Family values
As if the Tories weren’t in enough trouble, a team of academics has come up with another reason why the party may never regain power. Researchers studied the link between marriage and voting. Across the Western world there has been steady growth in the number of single, divorced and cohabiting women as marriage rates fall and divorces rise. And unmarried women appear less likely to support rightwing parties like the Tories than their married counterparts. (By contrast, men’s votes appear unrelated to marital status.)
The US-based research team believes it has detected a link between election results and the change in women’s lives over a twenty-year period starting in the 1970s, in Europe and North America. No one is sure of the reason for the link but the shift in the population can only be good for Labour and other parties of the centre-left.

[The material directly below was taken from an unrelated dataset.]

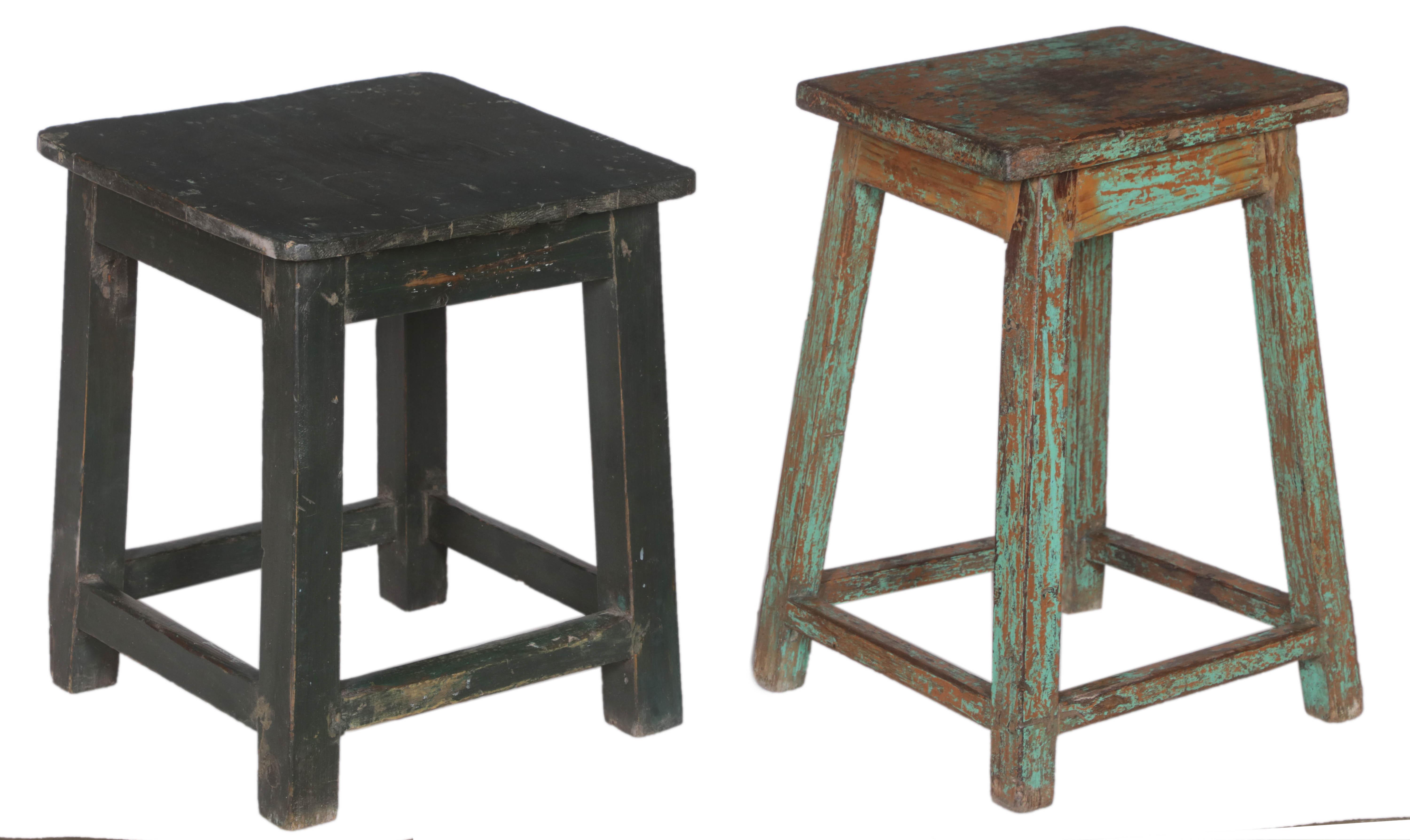 Tabouret en teck ancien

The clever wing of the Tory party recognises the problem. David Willetts has urged his party to embrace the ‘Bridget Jones generation’ of young, single women, and insisted that they are not lost to the Conservative cause – although part of his reasoning was that many of them would settle down to start families eventually.

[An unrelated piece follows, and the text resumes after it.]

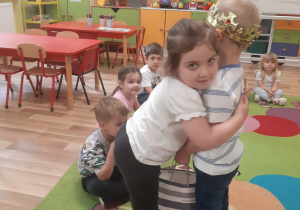 Tymon częstuje Hanię swoimi urodzinowymi słodkościami.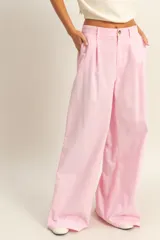 Pantalón palazzo color beige de tiro alto con pinzas y pierna ancha.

But the Tories appear wedded to traditional marriage, to the extent of pledging at the last election to restore the married couples’ tax allowance, scrapped by Gordon Brown.

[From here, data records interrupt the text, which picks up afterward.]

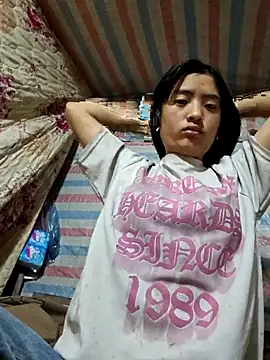 Snapshot of Lala-labu chatting on 02.27.26 Lala-labu online show from 02.27.26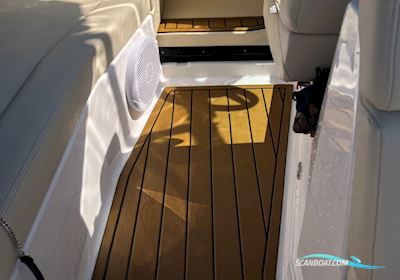 Regal 28 Express Sportbåt 2019, med VP 350 hj Duoprop motor, Estonia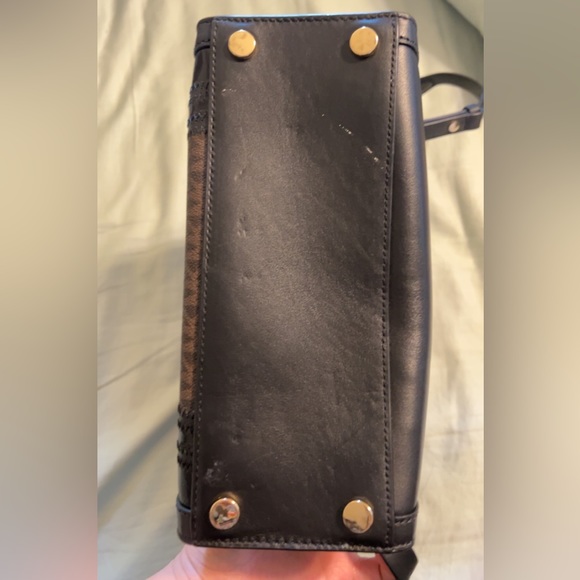 Micheal Kors handbag - Picture 4 of 5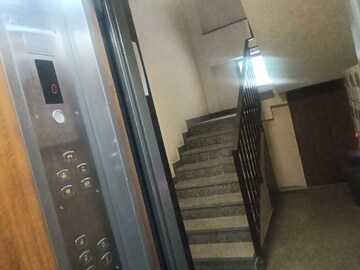 Staircase in 3 BHK Builder Floor at Sector 43 – for Rent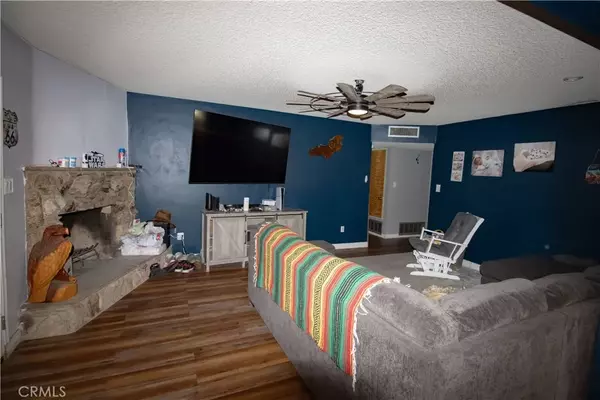 Bakersfield, CA 93308,3504 Timberline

So Labour politicians should avoid the kind of ‘marriage is best’ generalisations that trip easily off the tongue on Question Time but which alienate many of the party’s natural supporters. Respect for people’s choice of lifestyle must be a central feature of progressive politics.
Which makes Tony Blair’s condemnation of the 1960s all the more bizarre. It was the decade that saw liberalisation of laws and attitudes on divorce, homosexuality, abortion and race relations. Many on the left came into politics to defend the social reforms of the 1960s, that most progressive of decades.
But the Prime Minister considers that ‘a society of different lifestyles spawned a group of young people who were brought up without parental discipline, without proper role models and without any sense of responsibility to or for others.’ If that is the case, why – as he often tells us – has crime fallen over the past seven years?
Many people hanker for a past, often illusory, when people left their doors unlocked and let children play in the streets. Surely it is better to inspire them about the future, as Harold Wilson did in the 1960s, than to feed their fears. Maybe the PM will use his conference speech to explain exactly what he does not like about the 1960s. I hope not. I can’t see it being a vote-winner.
Terrorsim.
The threat of a terrorist attack hangs over the next election. While our security services do all they can to head off the danger, the problem for the government is what to tell the public. When David Blunkett talks about the extreme danger we face, or stations tanks at Heathrow, he is accused by critics on right and left of hyping up the threat to scare people into voting Labour.
Now senior parliamentarians on the Joint Human Rights Committee have taken up the theme. They want an independent inquiry into whether terrorism genuinely poses a real and present danger. The MPs and peers raised the question as they demanded the lifting of emergency laws that are keeping twelve foreign terrorist suspects locked up without trial at Belmarsh prison.
The timing of their report, during parliament’s summer recess, ensured minimal political reaction. But the issue of what to tell the public about terrorism is critical. The theory that doom-laden warnings are being used to scare the public into the Labour fold appears far-fetched. If a minister was caught playing politics with unnecessary alerts, it would be a sacking offence. Surely a worse risk is that an atrocity occurs and it emerges that ministers were warned, but failed to tell the public.
As we saw after the Bali bomb – Australia had passed on a warning of sorts to its citizens, Britain hadn’t – the public wants to know that information is being shared, even if it is incomplete. The government is right to increase the spooks’ budget to try to avert an attack, and right to scare the public when there is just cause.